● **To do**: Could you retype the lines below, starting at the line holding "DUVNIK ikea boxspring" and stopping at the line holding "hugging dress Soft", inclusive? Copy them exactly and drop the images.

● **Source material**:
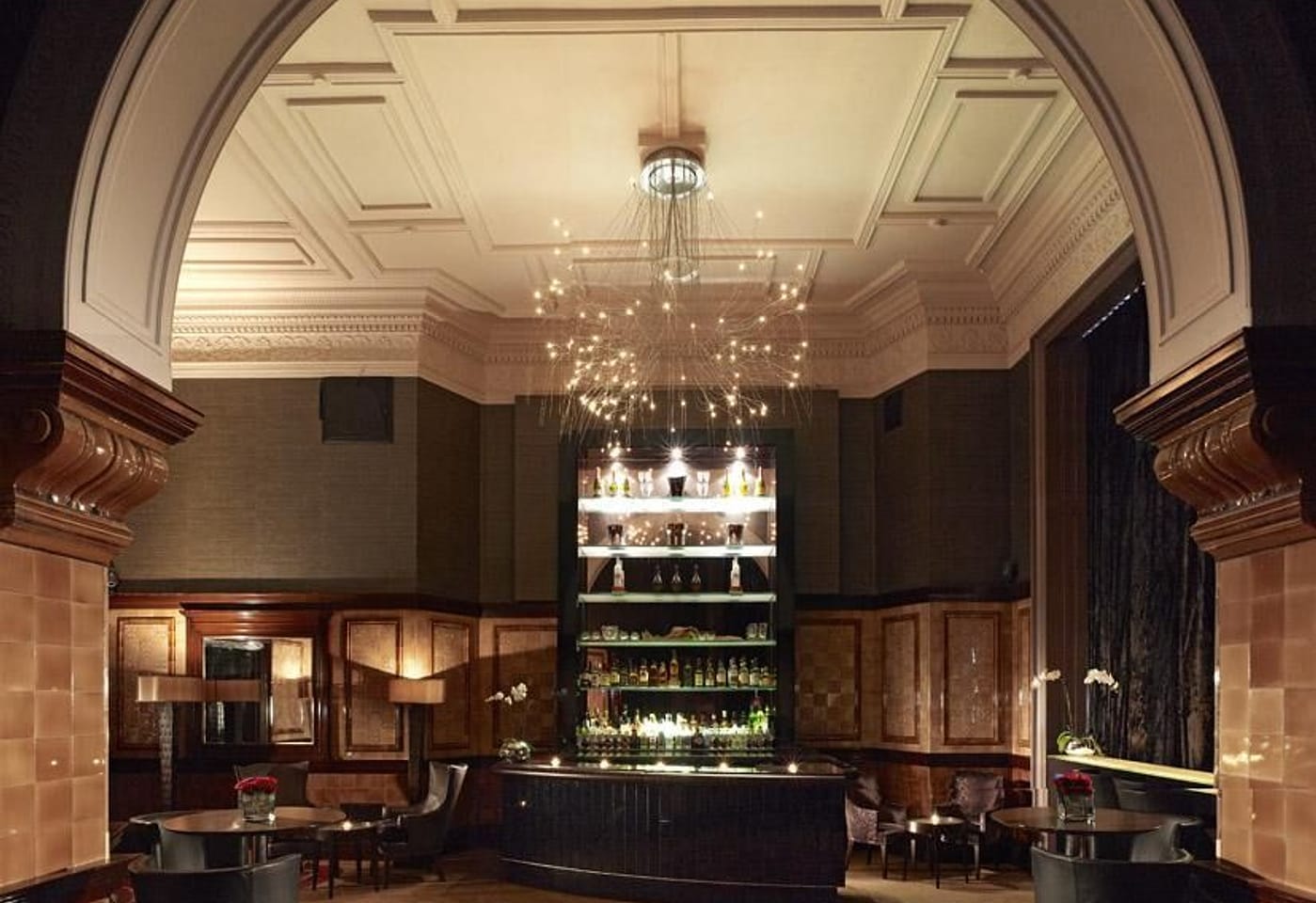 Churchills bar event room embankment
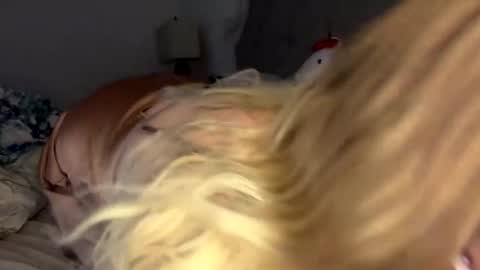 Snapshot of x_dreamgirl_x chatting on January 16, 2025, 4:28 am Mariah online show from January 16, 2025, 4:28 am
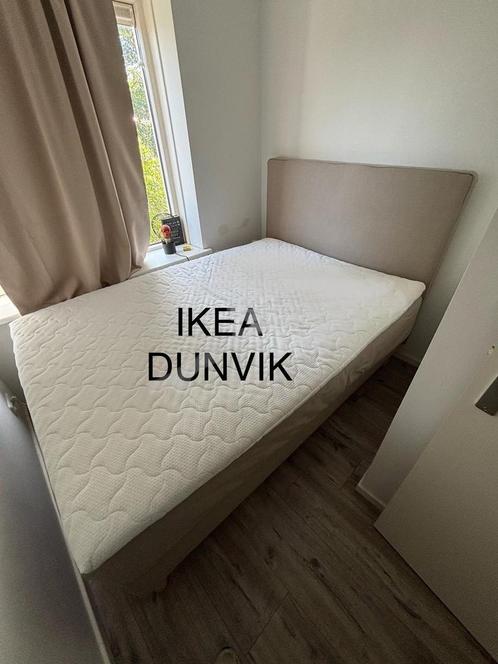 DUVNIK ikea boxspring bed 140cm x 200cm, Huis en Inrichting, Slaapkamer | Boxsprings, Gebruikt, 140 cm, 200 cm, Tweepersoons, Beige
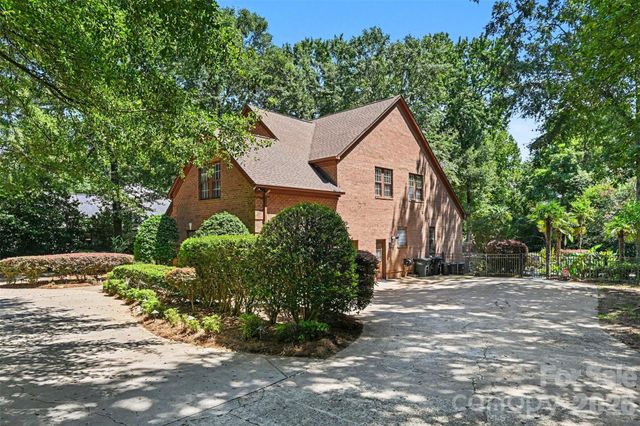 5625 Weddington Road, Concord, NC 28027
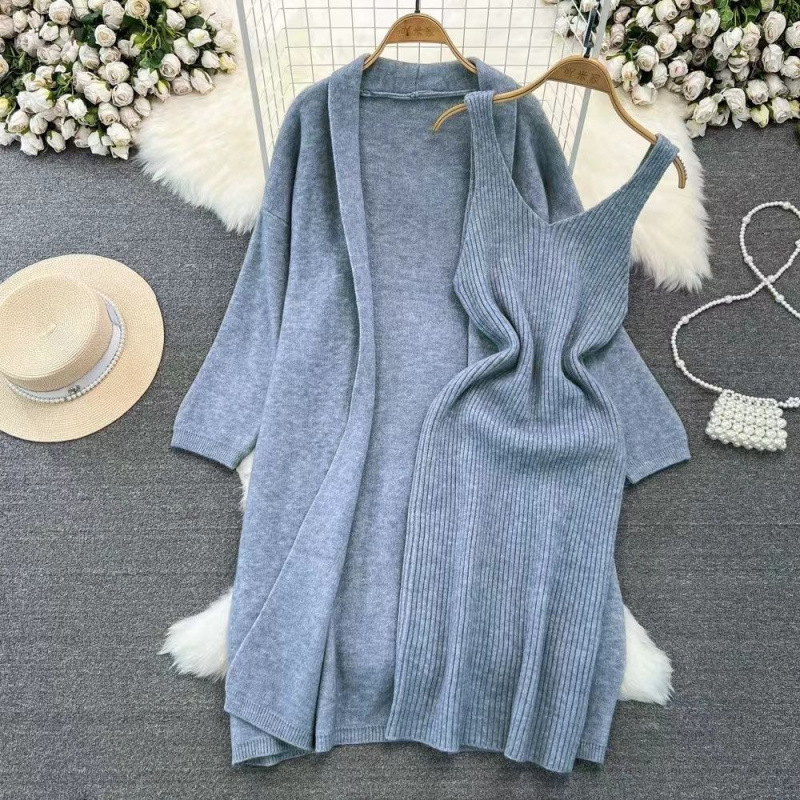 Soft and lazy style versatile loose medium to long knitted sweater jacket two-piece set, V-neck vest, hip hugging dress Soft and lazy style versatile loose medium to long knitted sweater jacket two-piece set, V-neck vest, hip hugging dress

* * *

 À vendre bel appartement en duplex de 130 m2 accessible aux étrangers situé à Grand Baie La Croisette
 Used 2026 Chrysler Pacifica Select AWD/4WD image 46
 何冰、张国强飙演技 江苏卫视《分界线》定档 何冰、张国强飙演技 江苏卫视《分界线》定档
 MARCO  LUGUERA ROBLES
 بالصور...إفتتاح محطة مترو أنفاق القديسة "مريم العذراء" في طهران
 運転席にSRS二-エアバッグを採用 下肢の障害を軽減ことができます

==

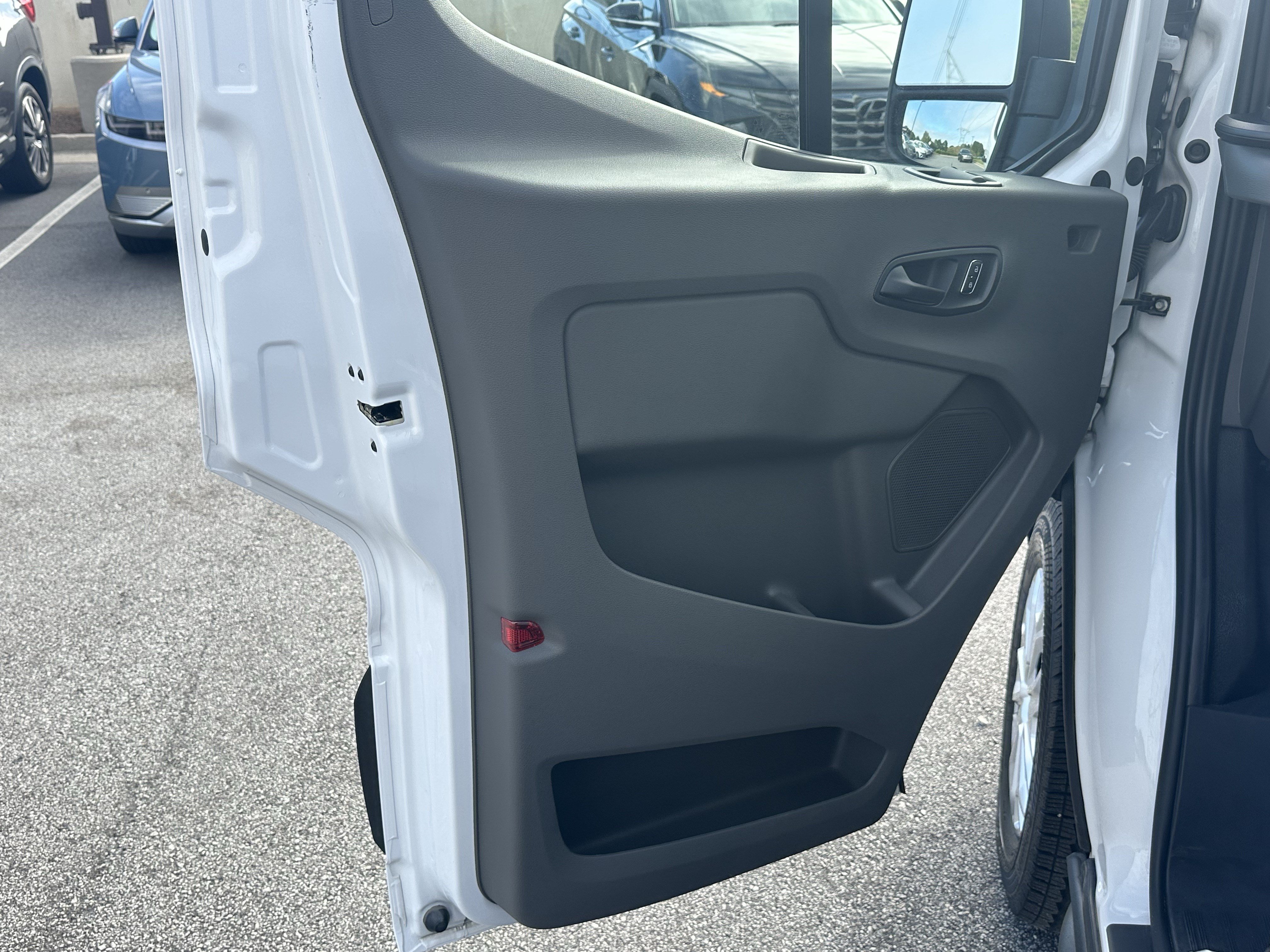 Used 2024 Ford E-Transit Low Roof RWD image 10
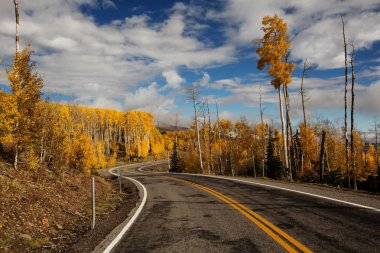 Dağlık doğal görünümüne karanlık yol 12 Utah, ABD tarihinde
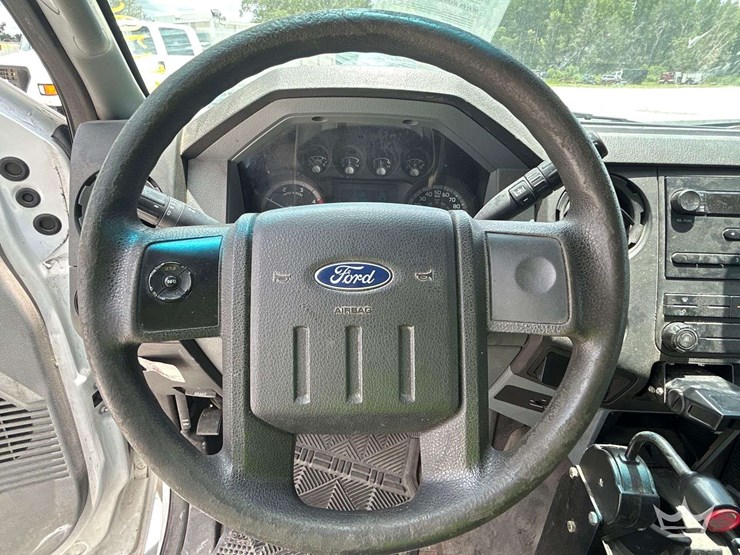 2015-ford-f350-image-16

● **Solution for this task**:
 DUVNIK ikea boxspring bed 140cm x 200cm, Huis en Inrichting, Slaapkamer | Boxsprings, Gebruikt, 140 cm, 200 cm, Tweepersoons, Beige
 5625 Weddington Road, Concord, NC 28027
 Soft and lazy style versatile loose medium to long knitted sweater jacket two-piece set, V-neck vest, hip hugging dress Soft and lazy style versatile loose medium to long knitted sweater jacket two-piece set, V-neck vest, hip hugging dress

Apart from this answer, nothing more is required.